Надо заметить, что к концу 20-х — началу 30-х годов в сознании Чулкова-художника возникла твердая установка на пушкинскую ясность, лаконизм, емкость изложения. Он даже придумал название для своей новой манеры актуализм, подразумевая под этим четкую фабулу, быстро развивающееся действие, строгую экономию изобразительных средств. И можно сказать, что в «Жизни Пушкина» он во всем блеске явил новый творческий метод.
В книге точно, с запоминающимися деталями воссоздана атмосфера, которая сопутствовала духовному становлению Пушкина. Каждый этап (а он чаще всего выделен в особую главу) рисуется как драматическая сцена. Вот, например, дилемма, которая встала перед родителями маленького Александра: куда отдать учиться сына? То, что он оказался в Лицее, представлено как счастливая случайность, возникшая из десятка совершенно запрограммированных действий. Но это позволило мальчику «ускользнуть от патеров, имевших немалое влияние на своих питомцев» (ведь известно, что родители уже готовы были отдать его в католический пансион, «где внушались воспитанникам соответствующие идеи»). Становится ясно, что для Чулкова идеи мартинистов, то есть религиозное вольнолюбие, которое процветало в стенах Лицея, где почти все преподаватели были масонами, безусловно, предпочтительнее, чем католическое вероисповедание. Однако при этом автор не забывает сказать и об «издержках» лицейского воспитания, в котором имена вольнодумцев соседствовали с именами эротических стихотворцев.

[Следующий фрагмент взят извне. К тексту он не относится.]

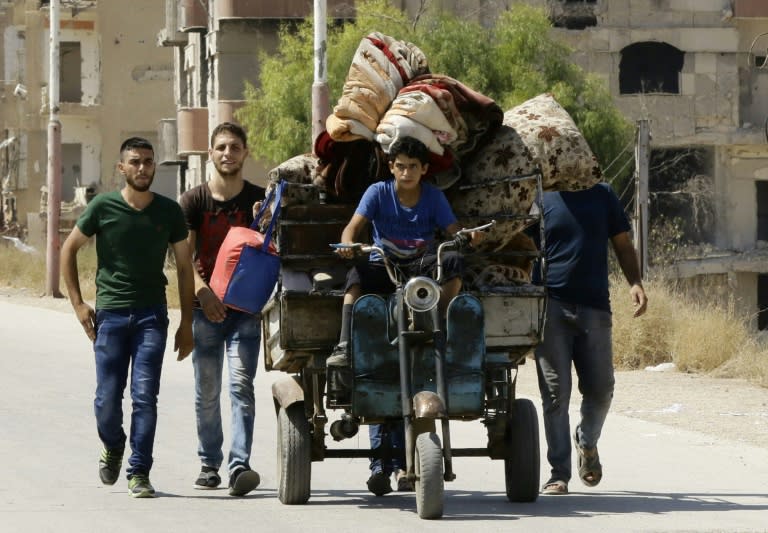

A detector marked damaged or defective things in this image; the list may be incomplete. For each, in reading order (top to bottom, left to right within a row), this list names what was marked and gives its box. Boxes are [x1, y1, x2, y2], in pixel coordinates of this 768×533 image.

war-damaged facade [1, 0, 768, 326] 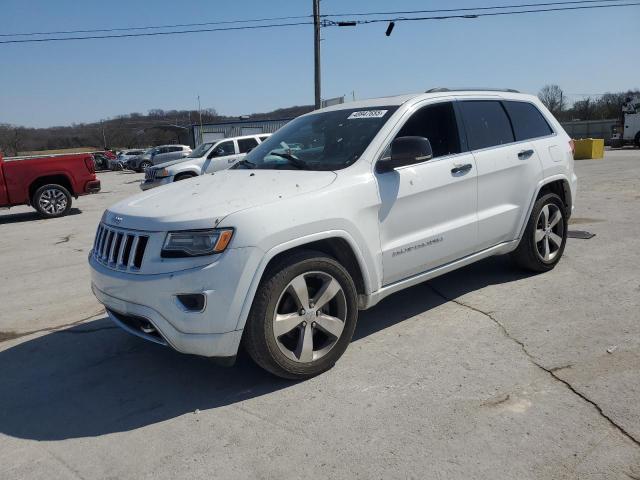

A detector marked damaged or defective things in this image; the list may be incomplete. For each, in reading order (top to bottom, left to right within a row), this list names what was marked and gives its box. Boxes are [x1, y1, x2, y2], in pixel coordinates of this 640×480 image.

crack in pavement [428, 284, 640, 448] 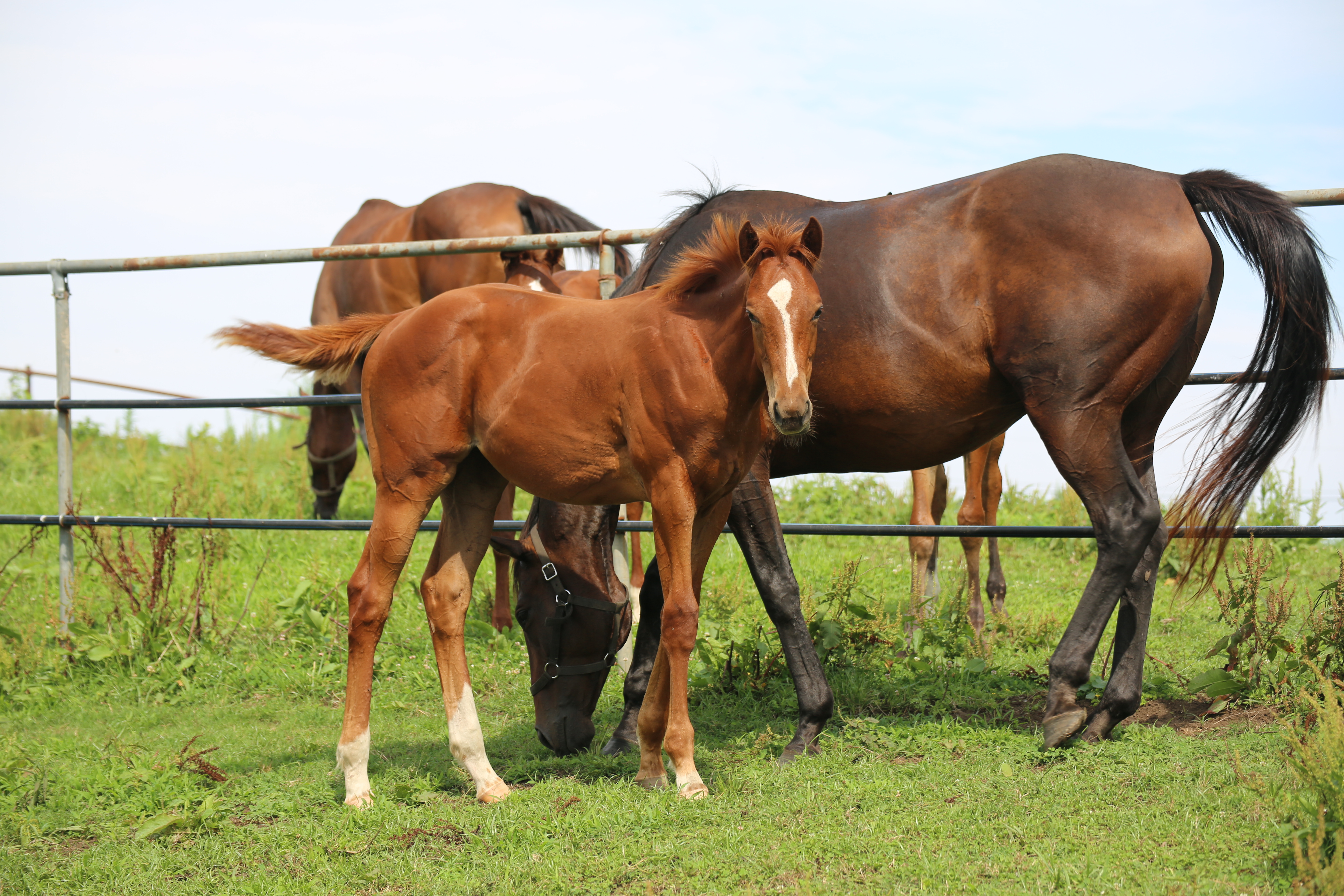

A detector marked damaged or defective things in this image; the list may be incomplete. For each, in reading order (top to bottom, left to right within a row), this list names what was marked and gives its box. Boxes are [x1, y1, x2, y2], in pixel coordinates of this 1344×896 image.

rusty fence rail [0, 189, 1338, 637] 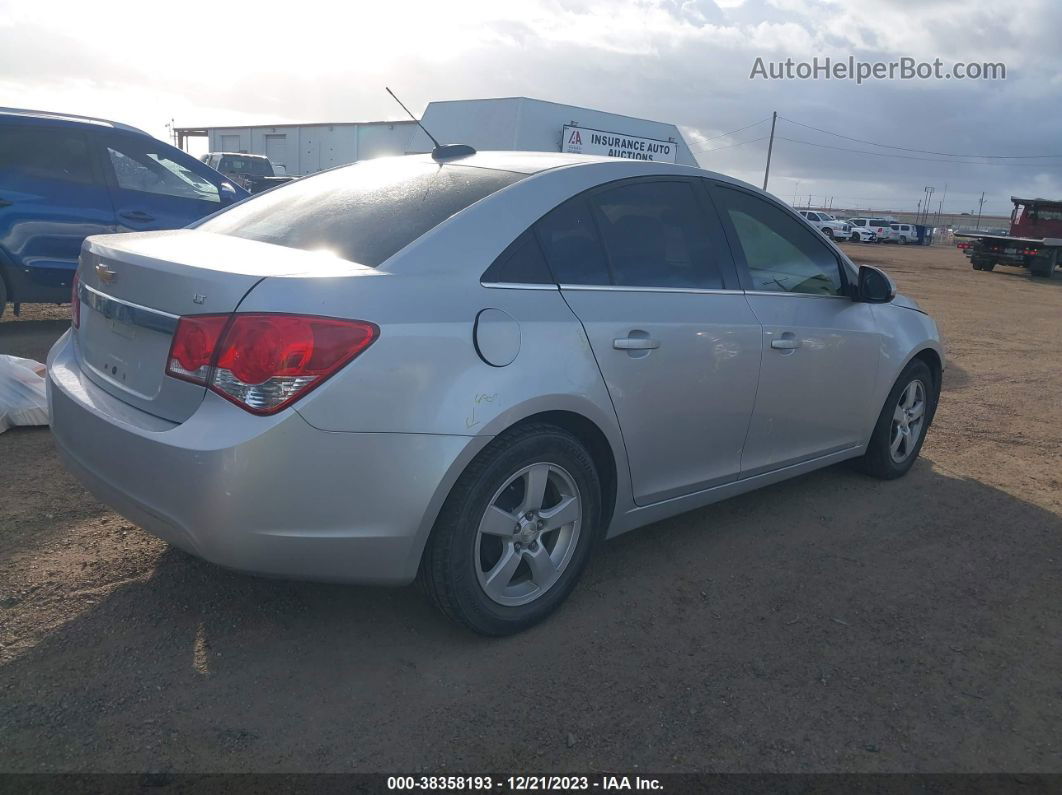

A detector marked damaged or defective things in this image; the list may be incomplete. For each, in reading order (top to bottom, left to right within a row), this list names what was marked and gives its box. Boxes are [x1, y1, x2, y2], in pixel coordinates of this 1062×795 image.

dent on car door [0, 124, 115, 301]
dent on car door [99, 133, 224, 231]
dent on car door [539, 178, 764, 503]
dent on car door [713, 182, 879, 475]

Необычайно сочно и колоритно воспроизведена атмосфера жизни, окружающей поэта, и особенно портреты друзей — Кюхельбекера, Дельвига, Пущина, Нащокина. Для каждого из них у Чулкова находятся слова, точно выражающие их душевную сущность. Так, о Кюхельбекере, вызывающем у Пушкина смешанное чувство уважения и жалости, сказано: «У него был какой-то… торжественный и высокопарный или неуклюже-игривый, совсем не прозрачный, старомодный и горький» мир. А Нащокин предстает со страниц книги начитанным, образованным, умным человеком, типичным москвичом-хлебосолом, обладавшим той «бесплодной даровитостью», которая придавала особую пленительность его облику и поведению. Благодаря его широкой натуре и рыцарской прямоте Пушкин мог наслаждаться в его доме покоем, обретать утерянную беспечность.
Писатель многое знает о своем юном герое, знает обо всех шалостях, подчас необъяснимых поступках, симпатиях и антипатиях, которые, ставя в тупик его учителей и наставников, обнаруживали в нем неукротимый темперамент. Чего стоит хотя бы эпизод «злоупотребления» голем-моголем с ромом, имевший вполне определенные последствия, или случай, когда поэт по ошибке в темноте обнял пожилую фрейлину, приняв ее за молоденькую служанку (эти подробности тоже были изъяты цензором в книге).
Конечно, Чулкову приходится домысливать там, где он не имеет возможности фактами обосновать те или иные поступки своего героя. Иногда он пытается воспроизвести ход мыслей Пушкина, его внутреннее состояние, причем обязательно учитывает «возрастную психологию». В юности — превалирует взбалмошность и прерывистость, по мере взросления — «печальное изумление» перед действительностью! Автор передоверяет размышления Пушкину (прибегая к не собственно прямой речи) особенно часто тогда, когда сам оказывается не в состоянии постичь противоречивый склад натуры своего героя. Так, он тщательно всматривается в его более чем прохладное отношение к Е. А. Энгельгардту, приводя все те эпиозды, когда директор Лицея вполне мог воспользоваться своей властью и наказать Пушкина, но не сделал этого, пытается понять, чем же руководствовался поэт, создавая довольно-таки злые карикатуры и эпиграммы на своего наставника. И высказывает предположение, что… «в добродетельном и благополучном доме Егора Антоновича Энгельгардта» Пушкину было просто-напросто скучно. Впрочем, и «литературные журфиксы в семье барона Теппера де Фергюссона тоже были не очень забавны, не веселее было и в семействе Вельо или в квартирке добродушного Чирикова; куда интереснее было бывать в доме у Карамзиных, где было чему поучиться и всегда можно было встретить писателей и поэтов… Но и здесь, когда Николаю Михайловичу вздумается заговорить о русской государственности, становится тошно и хочется бежать куда угодно — только бы не видеть этого изящного старика и не слышать его речей во славу самодержавной монархии».